ACTIVITY
Give a verbatim copy of the lines below, minus the pictures.

STORED DATA
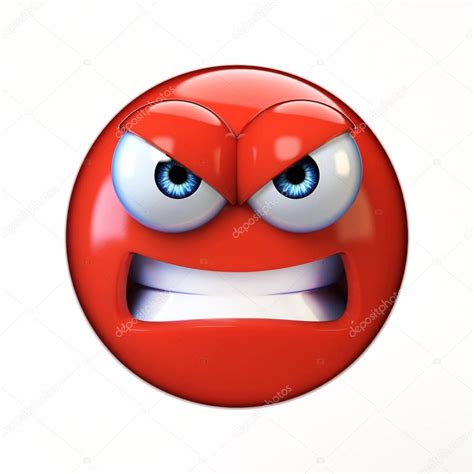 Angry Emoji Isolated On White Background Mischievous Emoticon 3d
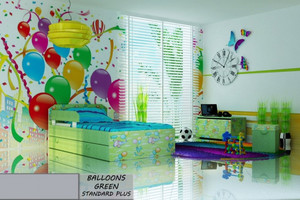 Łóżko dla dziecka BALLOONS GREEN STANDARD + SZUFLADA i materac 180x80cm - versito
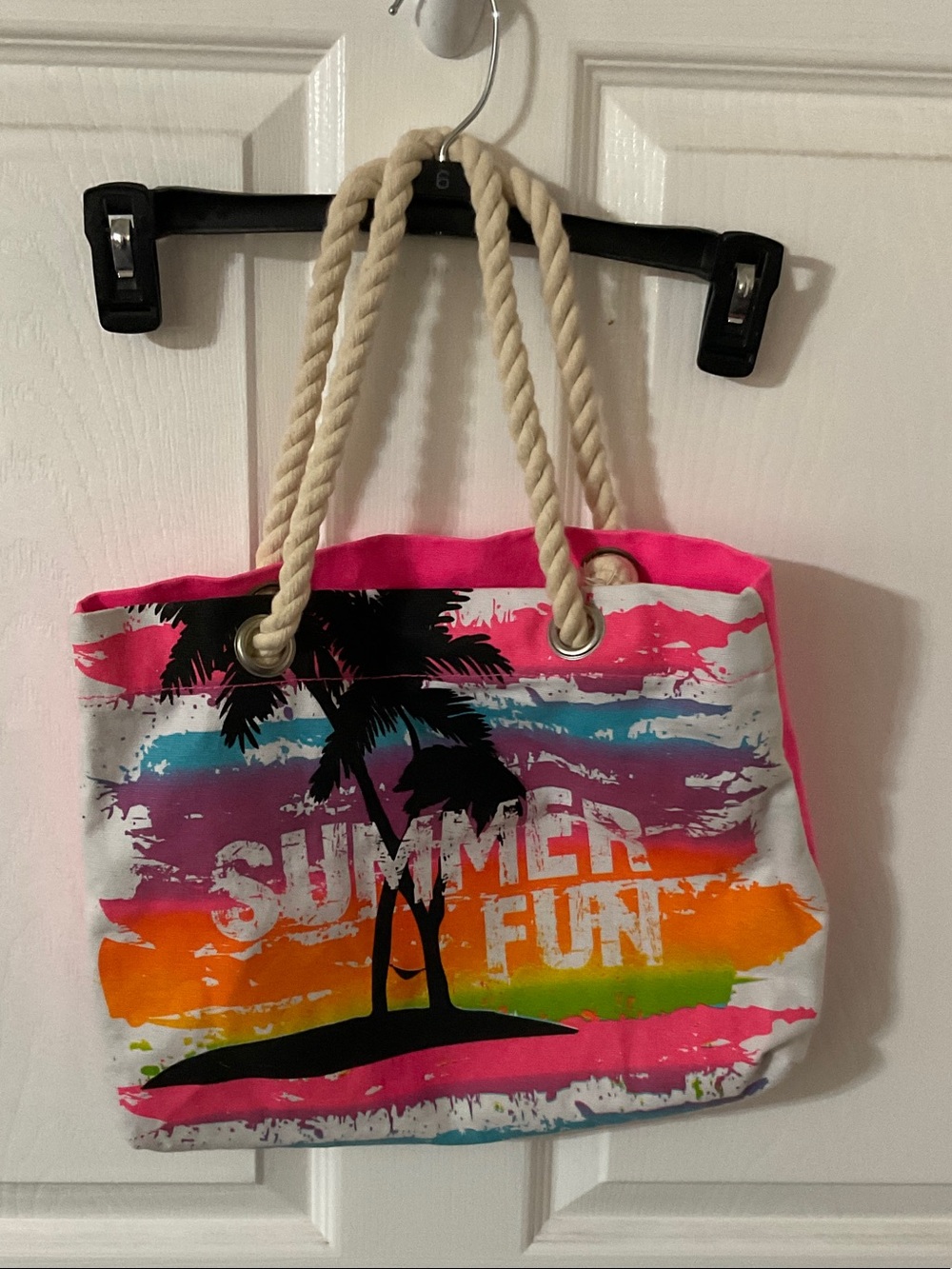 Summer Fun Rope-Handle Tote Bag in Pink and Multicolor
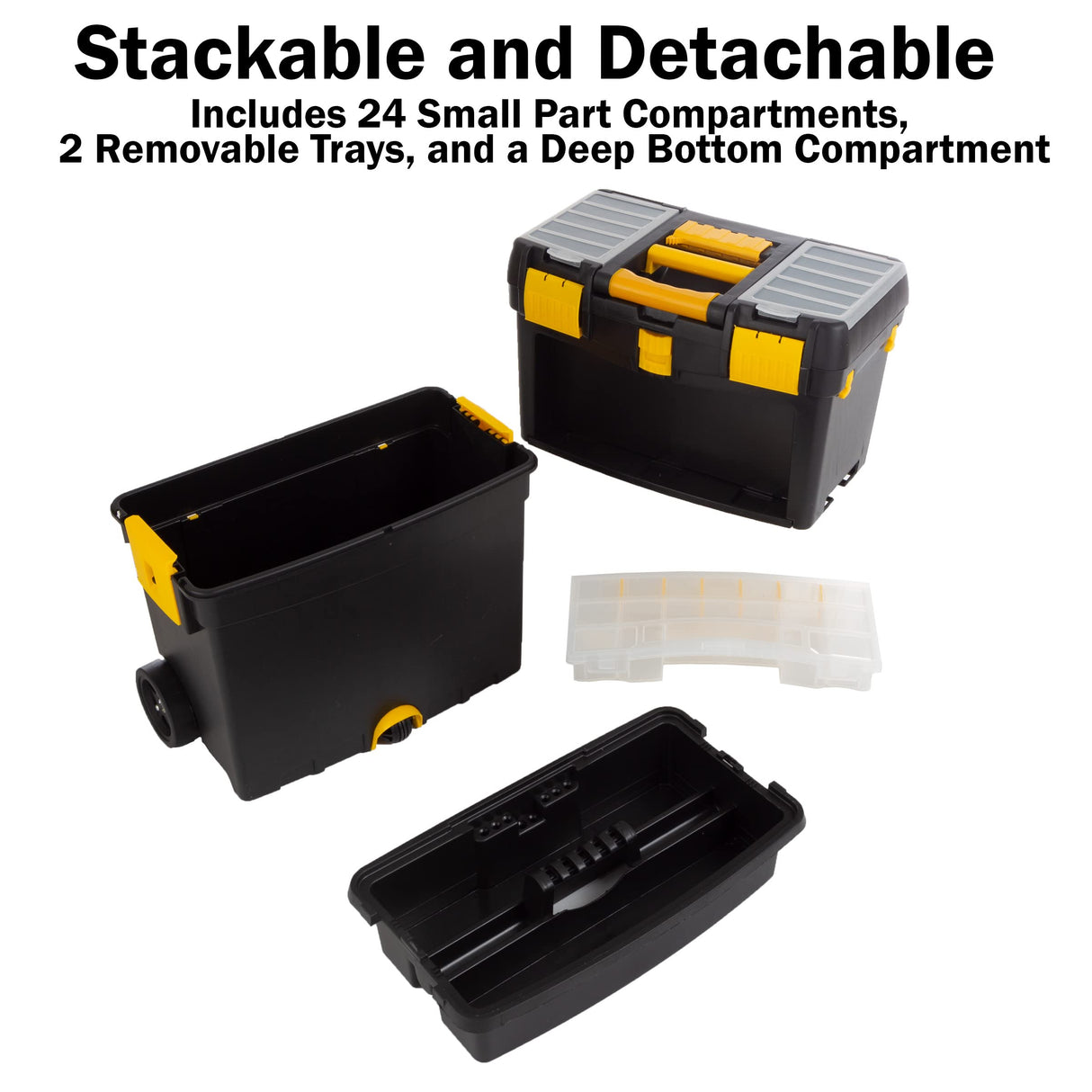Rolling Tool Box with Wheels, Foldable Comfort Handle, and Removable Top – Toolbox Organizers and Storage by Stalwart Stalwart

RESULT
 Angry Emoji Isolated On White Background Mischievous Emoticon 3d
 Łóżko dla dziecka BALLOONS GREEN STANDARD + SZUFLADA i materac 180x80cm - versito
 Summer Fun Rope-Handle Tote Bag in Pink and Multicolor
Rolling Tool Box with Wheels, Foldable Comfort Handle, and Removable Top – Toolbox Organizers and Storage by Stalwart Stalwart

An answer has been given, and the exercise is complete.